(Short web captions)
----
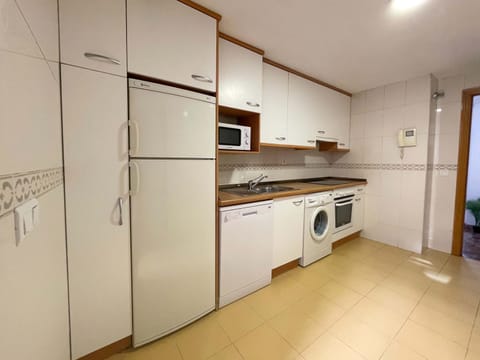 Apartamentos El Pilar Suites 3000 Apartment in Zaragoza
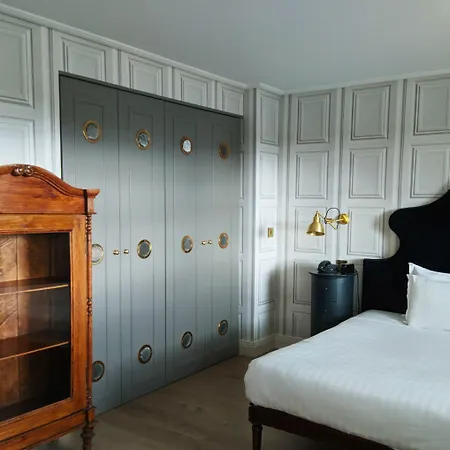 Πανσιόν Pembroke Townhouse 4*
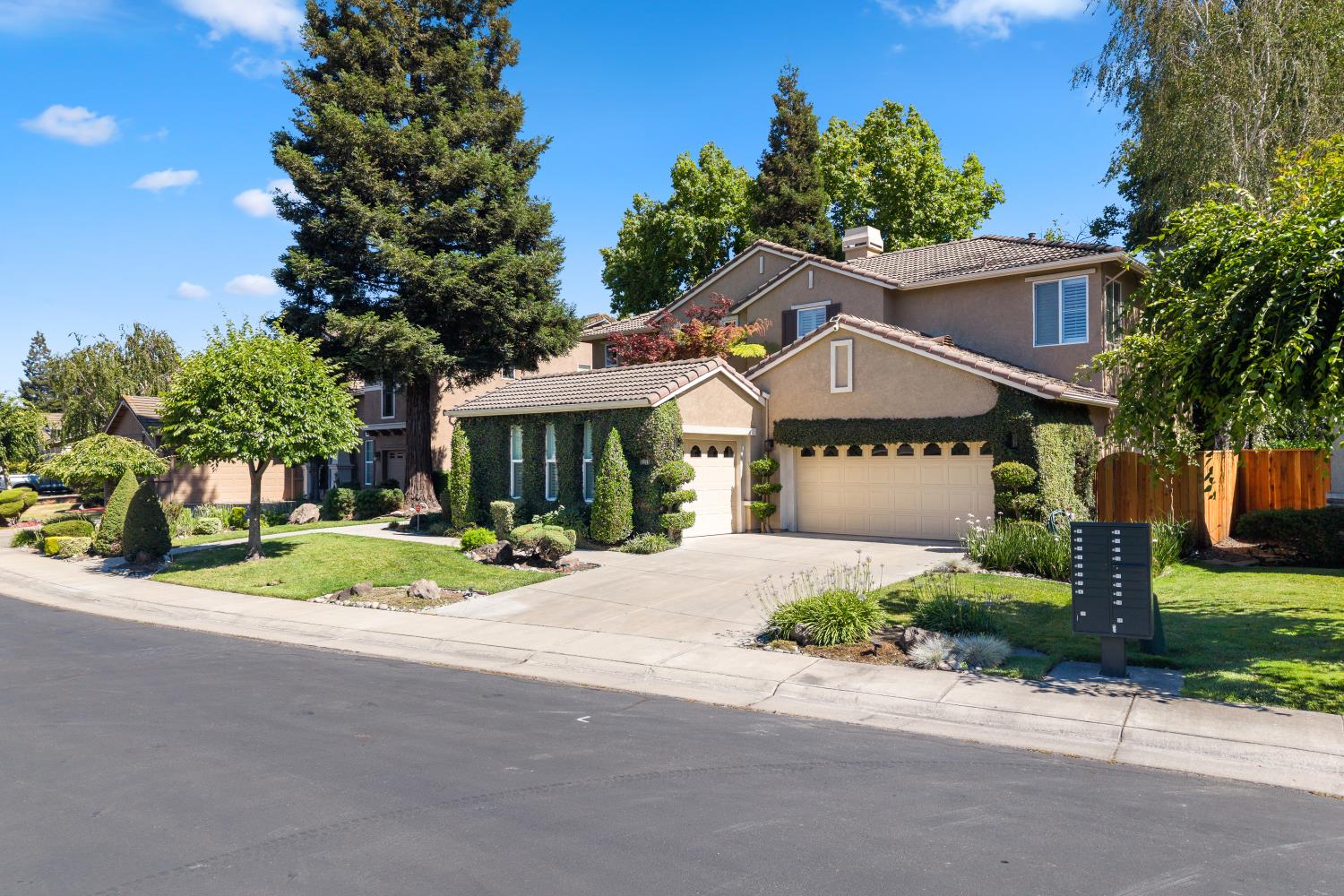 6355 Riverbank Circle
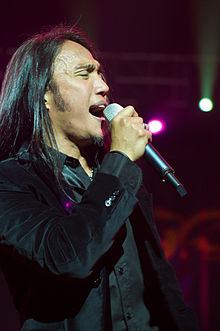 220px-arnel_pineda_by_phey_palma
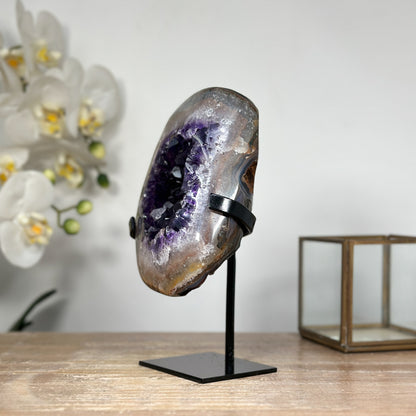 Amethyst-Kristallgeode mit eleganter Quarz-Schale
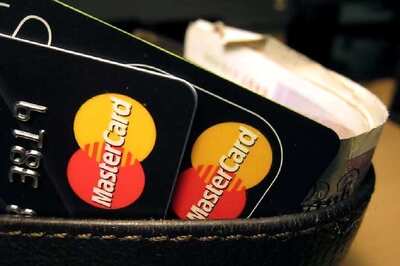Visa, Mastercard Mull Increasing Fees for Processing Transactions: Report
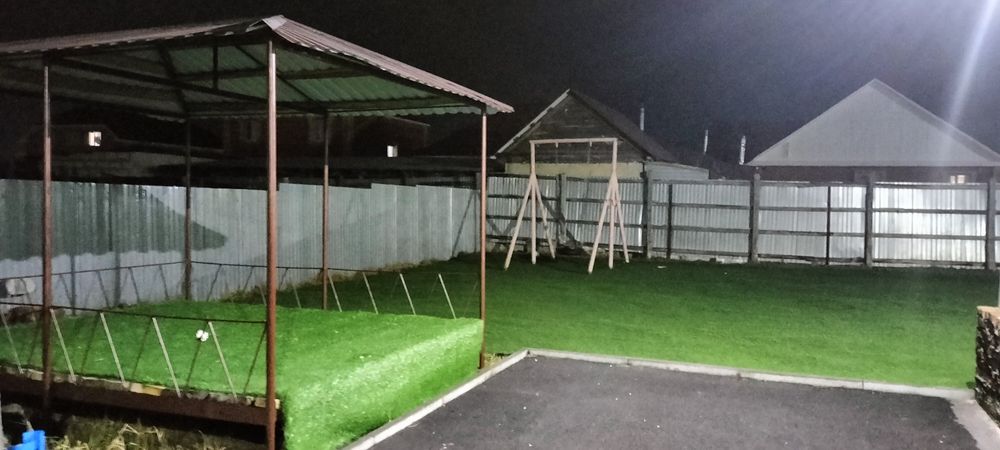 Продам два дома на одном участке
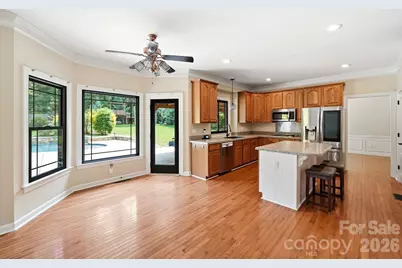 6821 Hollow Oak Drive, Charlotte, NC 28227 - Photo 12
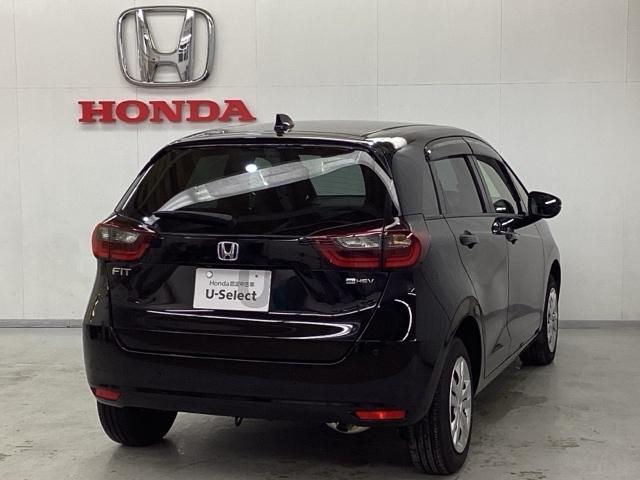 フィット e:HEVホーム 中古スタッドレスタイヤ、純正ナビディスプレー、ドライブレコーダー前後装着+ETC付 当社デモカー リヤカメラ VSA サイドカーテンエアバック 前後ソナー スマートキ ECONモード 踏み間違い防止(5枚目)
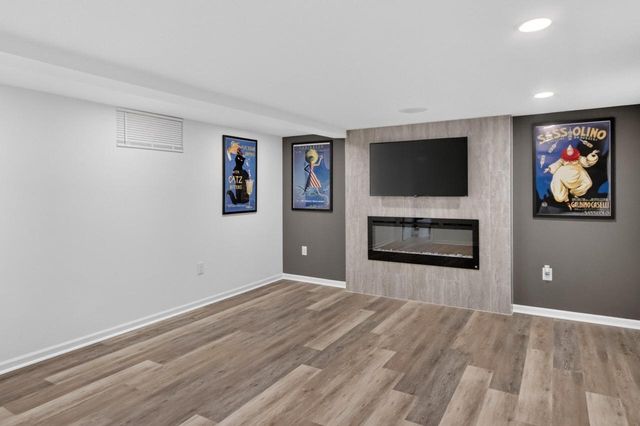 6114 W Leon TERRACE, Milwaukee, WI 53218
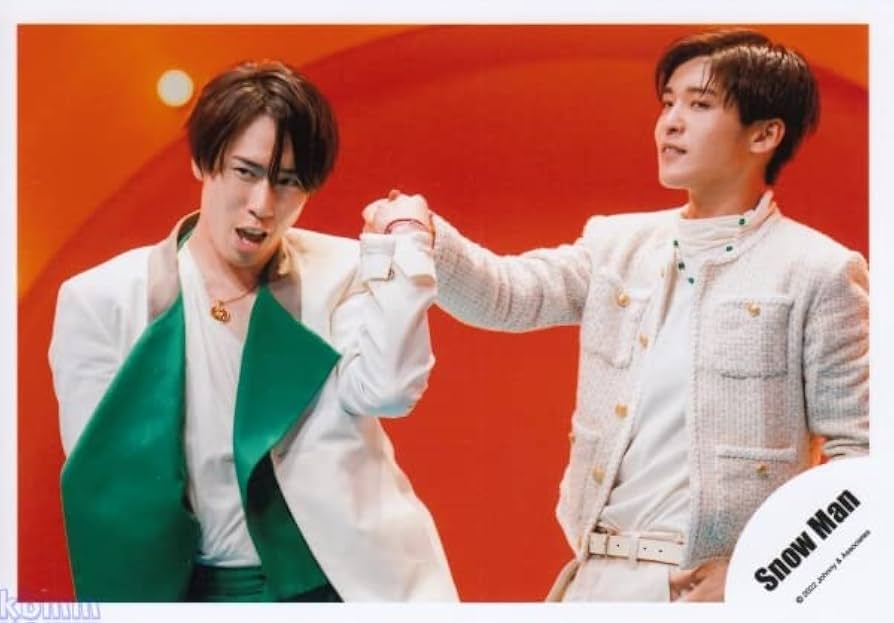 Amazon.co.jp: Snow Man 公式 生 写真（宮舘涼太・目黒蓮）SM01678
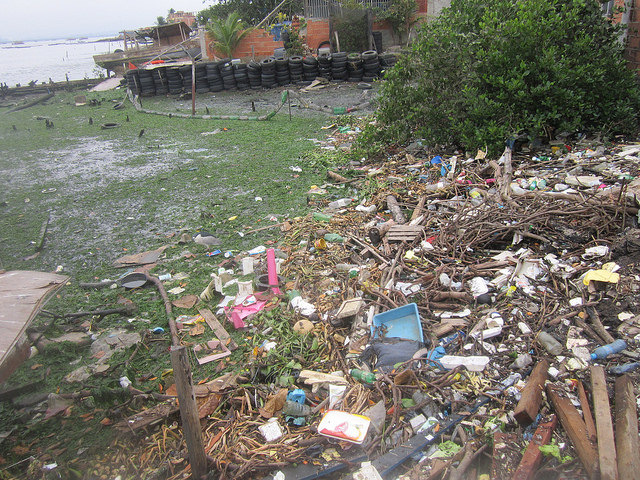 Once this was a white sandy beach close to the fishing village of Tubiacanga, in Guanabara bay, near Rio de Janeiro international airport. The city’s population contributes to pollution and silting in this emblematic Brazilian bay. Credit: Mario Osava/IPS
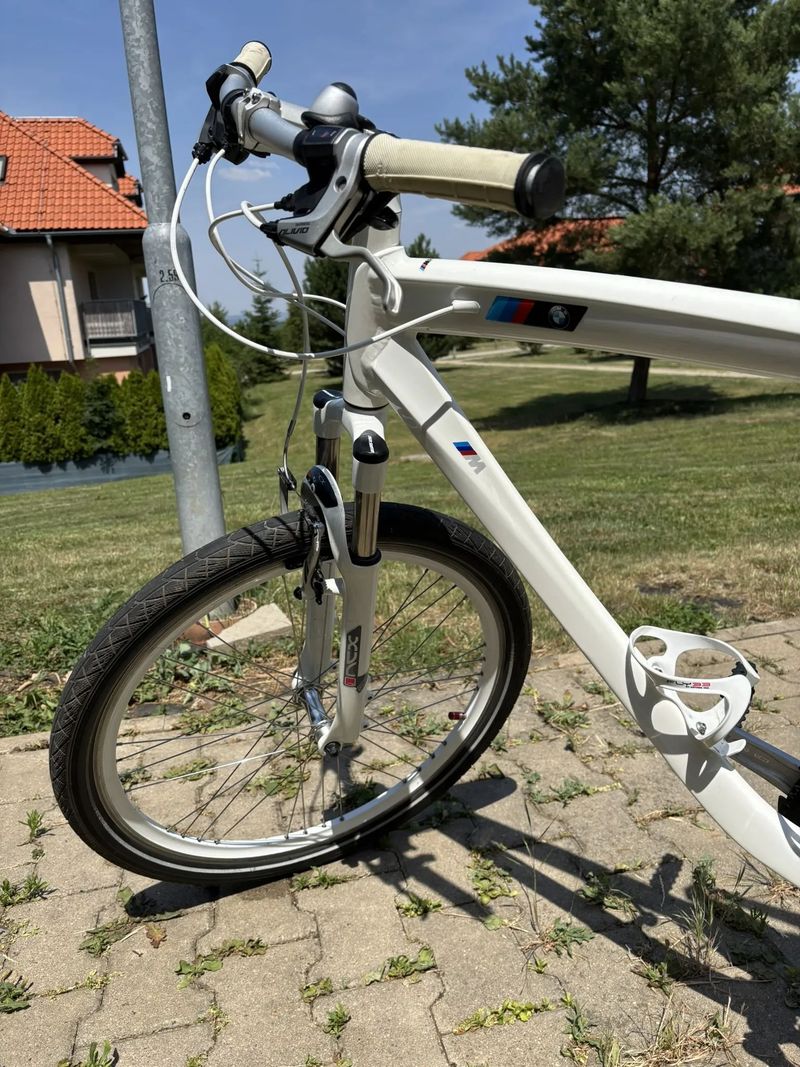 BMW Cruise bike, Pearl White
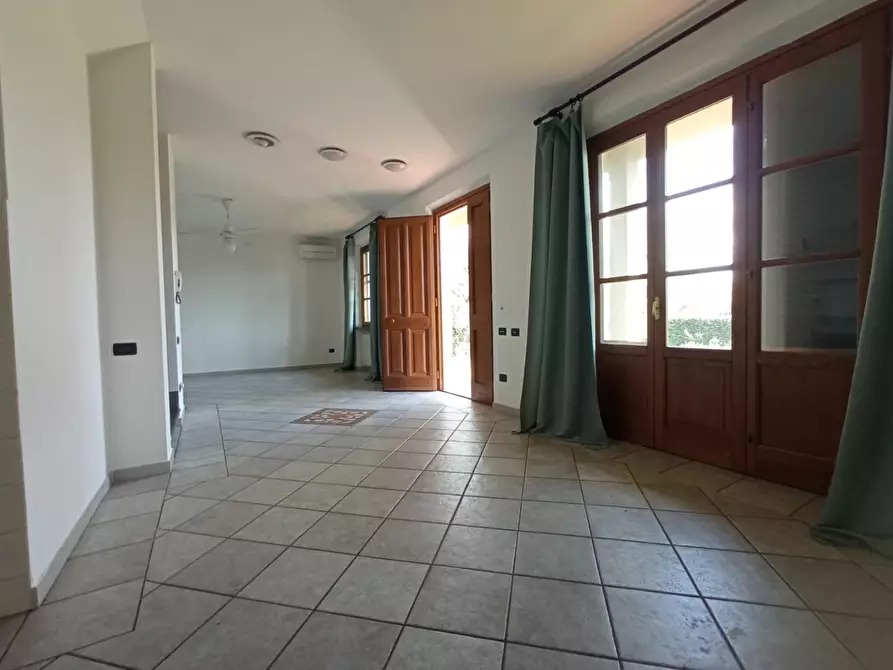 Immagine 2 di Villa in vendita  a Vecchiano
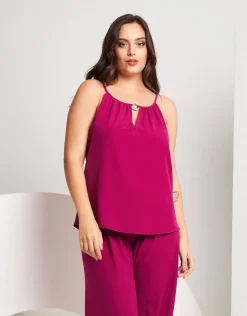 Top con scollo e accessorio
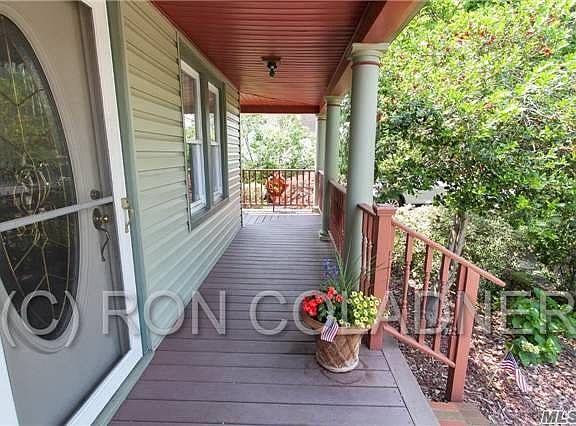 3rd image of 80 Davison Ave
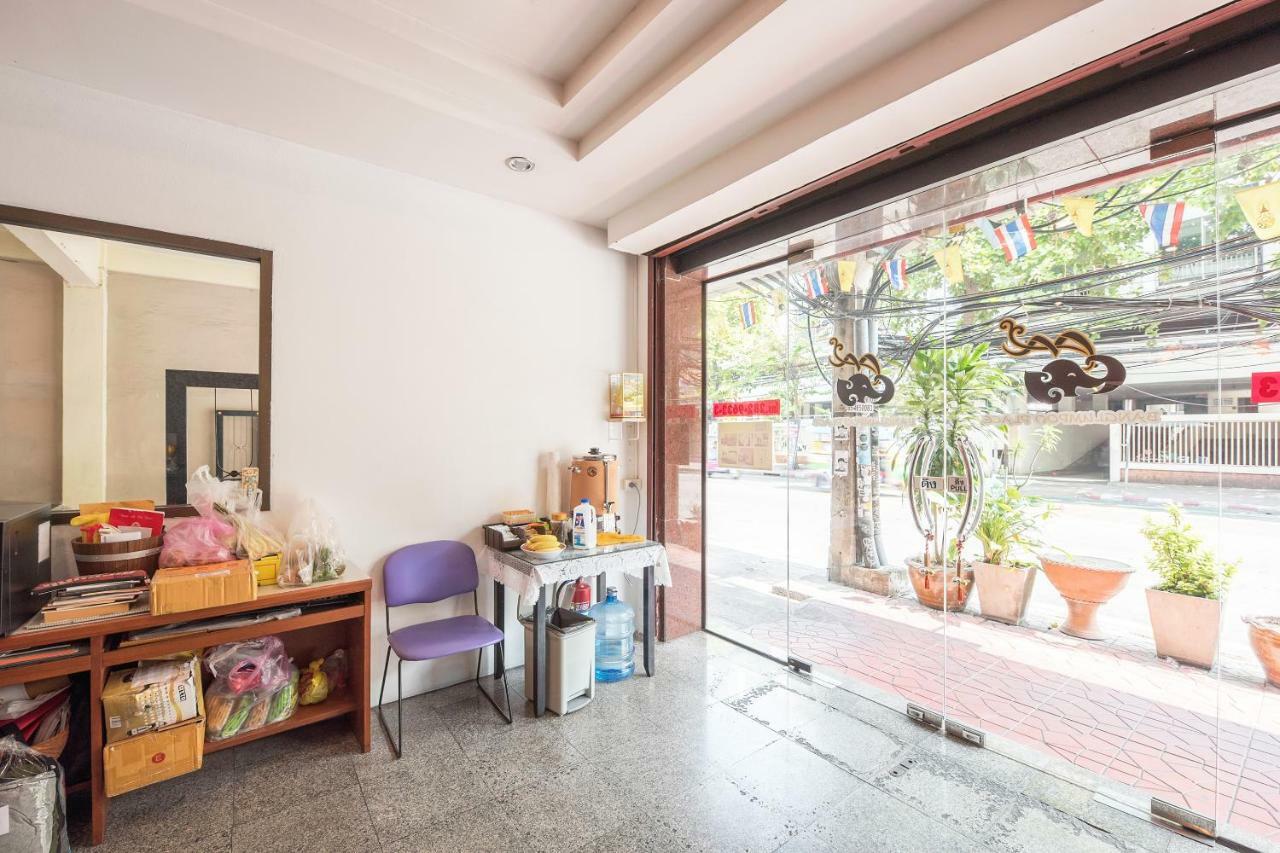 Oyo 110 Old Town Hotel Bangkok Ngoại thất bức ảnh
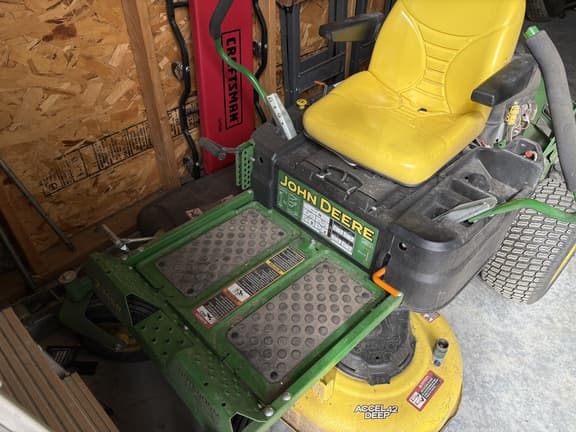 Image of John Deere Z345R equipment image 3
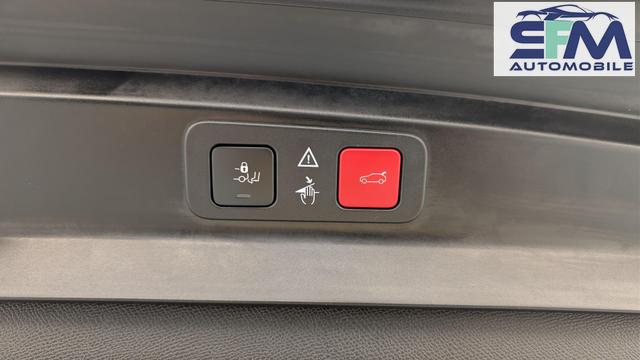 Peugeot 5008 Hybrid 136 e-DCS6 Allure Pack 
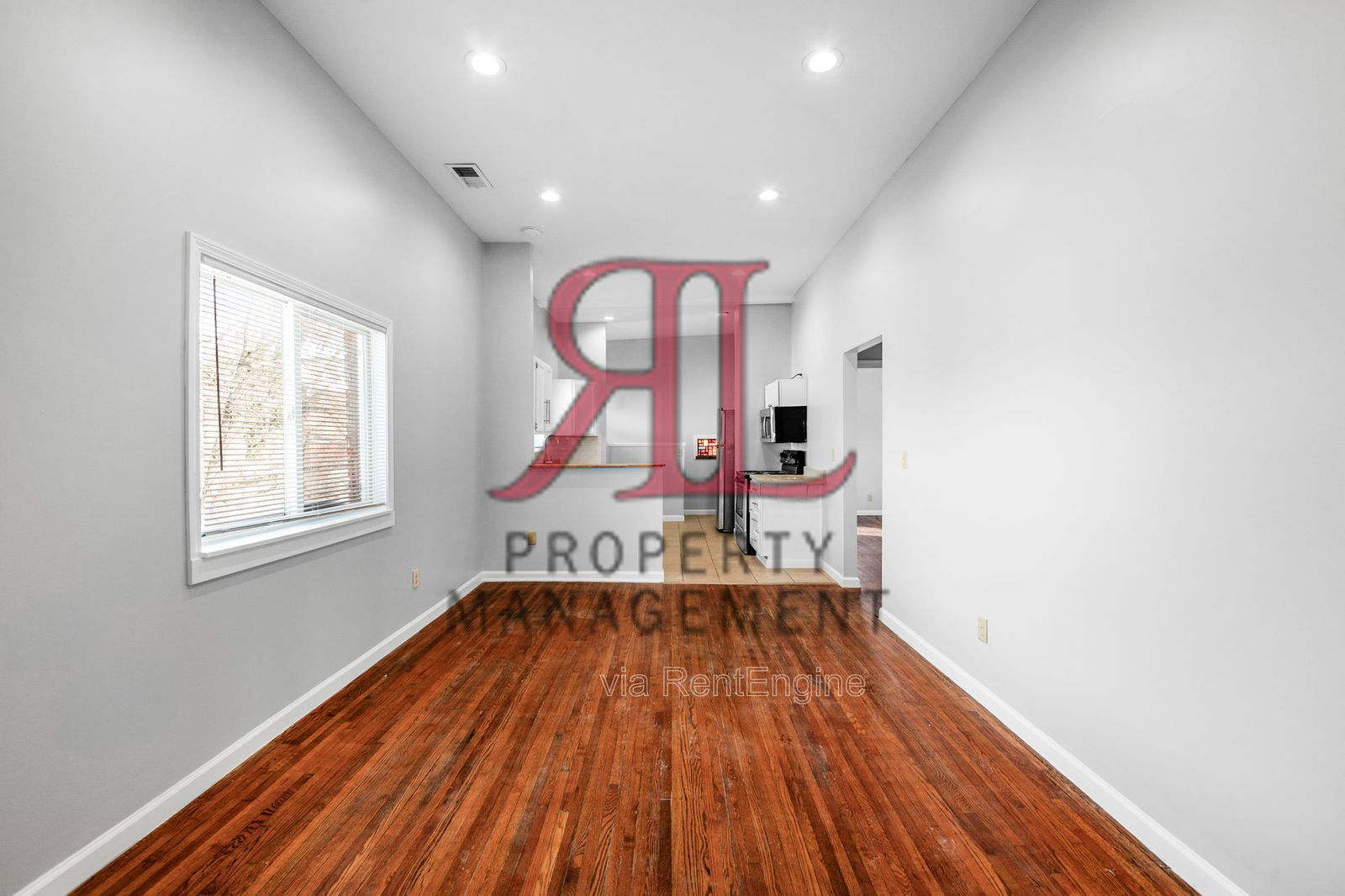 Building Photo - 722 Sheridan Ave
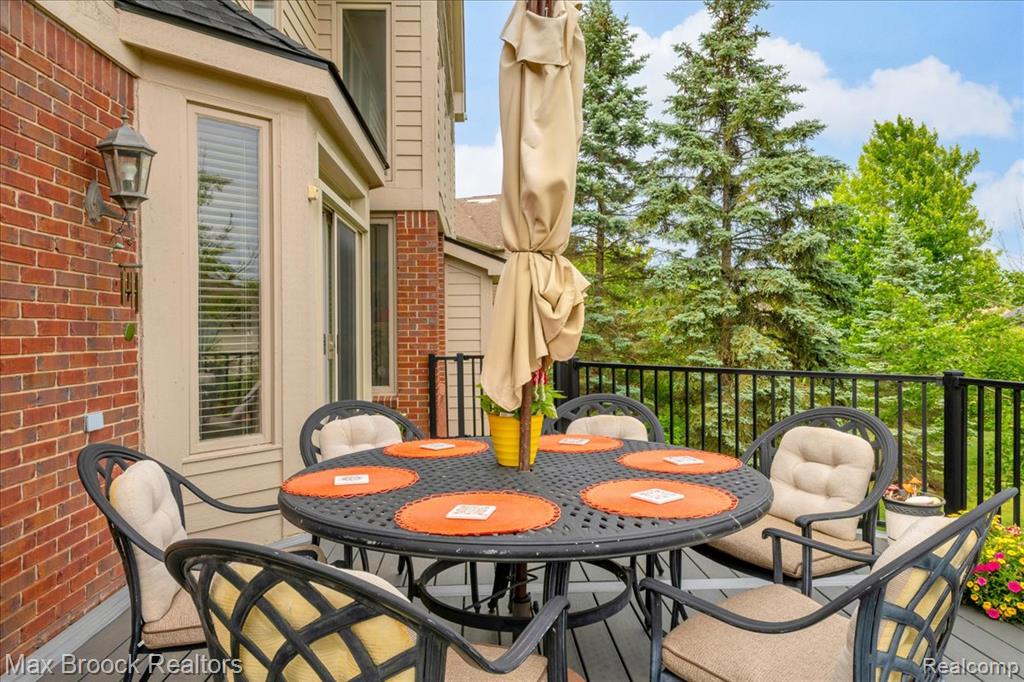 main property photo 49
----
Exercise instructions:
Repeat, with no pictures, every line from the top of the entries above through the line that has "Visa, Mastercard Mull", keeping each one exact.

Response below:
 Apartamentos El Pilar Suites 3000 Apartment in Zaragoza
 Πανσιόν Pembroke Townhouse 4*
 6355 Riverbank Circle
 220px-arnel_pineda_by_phey_palma
 Amethyst-Kristallgeode mit eleganter Quarz-Schale
Visa, Mastercard Mull Increasing Fees for Processing Transactions: Report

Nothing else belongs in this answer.